If an athlete’s impairment and activity liitation answers these questions to satisfy the classification system of the sport, then the athlete becomes eligible to play.
Within CP Football, there are three types of impairments a player may have:
Ataxia – a neurological sign and symptom that consists of a lack of co-ordination of muscle movements.
Hypertonia – a condition marked by an abnormal increase in muscle tension and reduced ability of a muscle to stretch.
Athetosis – is generally characterised by unbalanced, involuntary movements due to constant changes in muscle tone and a difficulty maintaining a symmetrical posture.
Through the classification system, it helps minimize the impact of impairments on sport performance and ensures the success of an athlete is determined by skill, fitness, power, endurance, tactical ability and mental focus.
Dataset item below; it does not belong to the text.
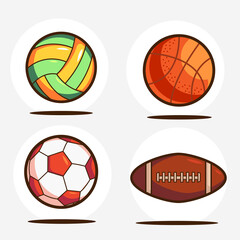 Set Of Sports Equipment. Volleyball, Basketball, Football, And American Football Vector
Actually, within competitions, this includes 4 classes, FT5, FT6, FT7 and FT8. For each team, made up of 7 players, there has to be at least 2 FT5 and FT6 players on the field at all times and there cannot be more than one FT8 player on the field at any given time.
With Samantha’s findings, could this classification system change, and if so, in what way? So, IFCPF is conducting a consultation with its members to provide feedback on the new CP Football Classification Rules, being effective on 1st January 2018.